» Problem to work on
Print each entry again exactly as written, and keep the pictures out.

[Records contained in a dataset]
------

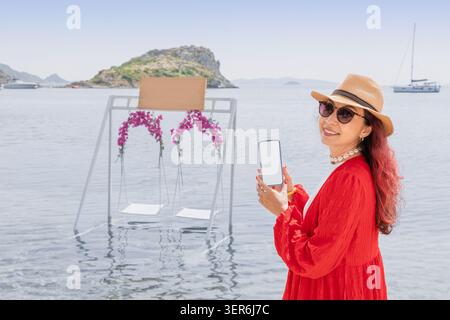 Femme souriante en robe rouge et chapeau de paille tenant un smartphone avec un écran blanc vierge contre une balançoire de l'eau de mer Banque D'Images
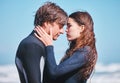 Young surfing couple hug, share intimate moment on beach vacation, flirting and playful. Girlfriend and boyfriend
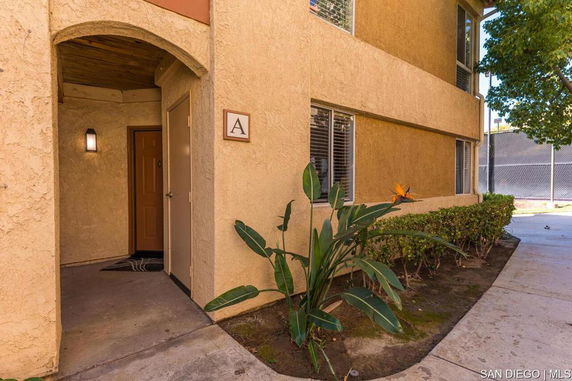 Entrance view of a residential building with a labeled door and nearby vegetation.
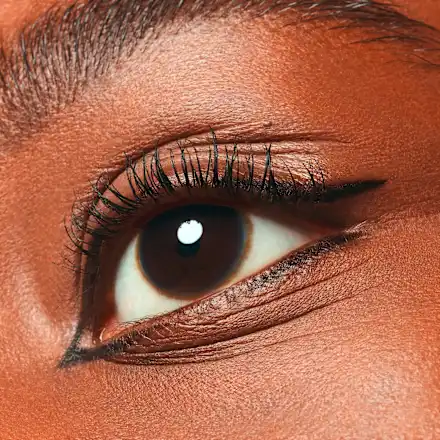 Gros plan sur l'œil brun d'une personne aux cils longs et volumineux, mis en valeur grâce au mascara Essence Lash Without Limits Waterproof 03 Black Allongeant et Volumisant 13 ml, qui fait ressortir la douceur de la peau mate et un sourcil bien dessiné, souligné par un trait d'eyeliner noir intense. Dakar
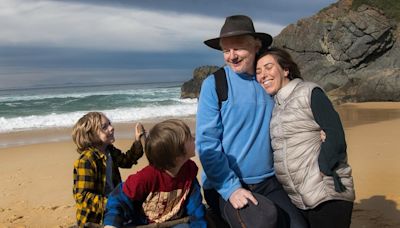 Julian Assange poses with his wife and children on Australian beach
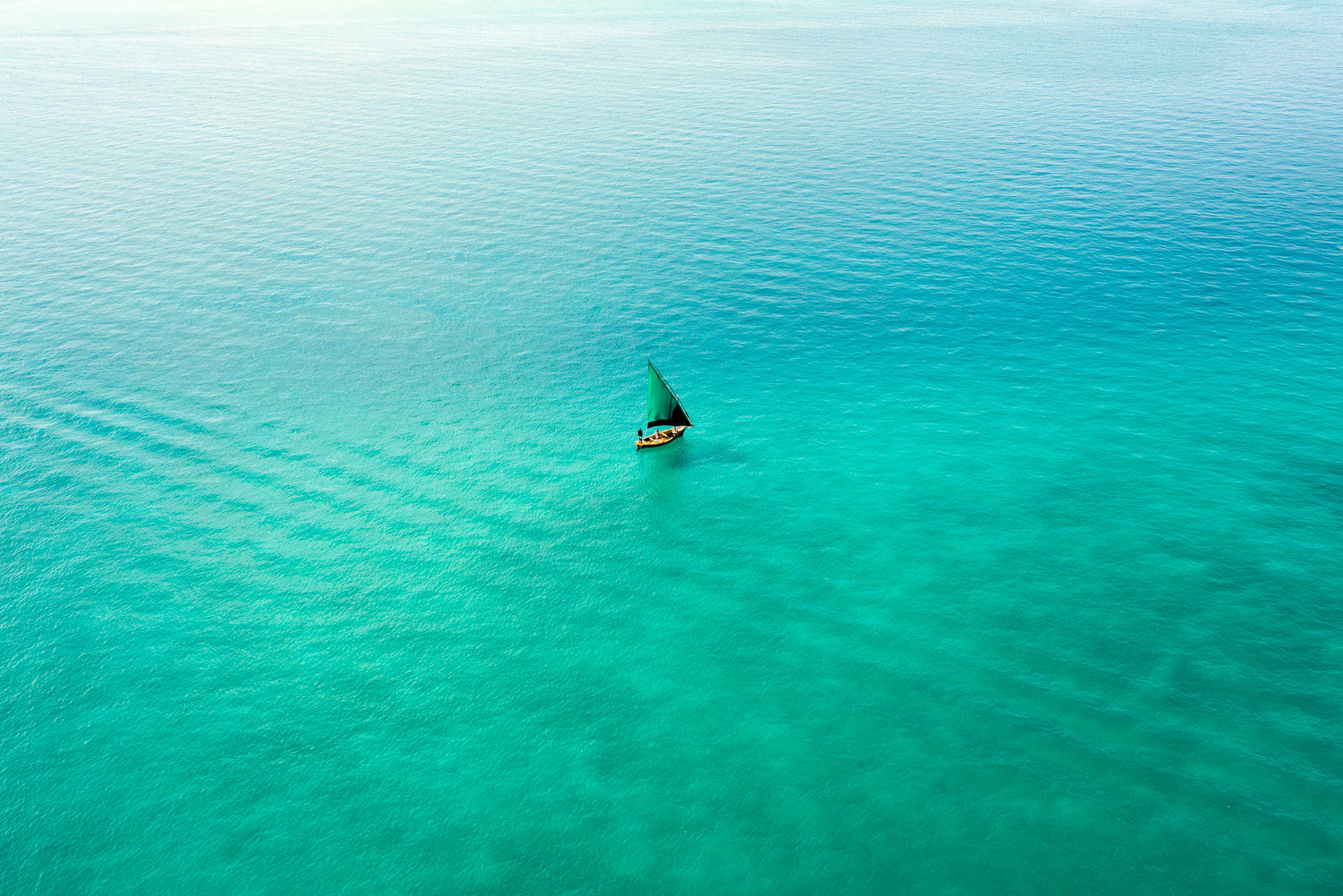 Aerial image taken from a helicopter flight of a dhow boat sailing in bright colourful indian ocean in Bazaruto Archipelago, Mozambique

------

» Answer box
 Femme souriante en robe rouge et chapeau de paille tenant un smartphone avec un écran blanc vierge contre une balançoire de l'eau de mer Banque D'Images
 Young surfing couple hug, share intimate moment on beach vacation, flirting and playful. Girlfriend and boyfriend
 Entrance view of a residential building with a labeled door and nearby vegetation.
 Gros plan sur l'œil brun d'une personne aux cils longs et volumineux, mis en valeur grâce au mascara Essence Lash Without Limits Waterproof 03 Black Allongeant et Volumisant 13 ml, qui fait ressortir la douceur de la peau mate et un sourcil bien dessiné, souligné par un trait d'eyeliner noir intense. Dakar
 Julian Assange poses with his wife and children on Australian beach
 Aerial image taken from a helicopter flight of a dhow boat sailing in bright colourful indian ocean in Bazaruto Archipelago, Mozambique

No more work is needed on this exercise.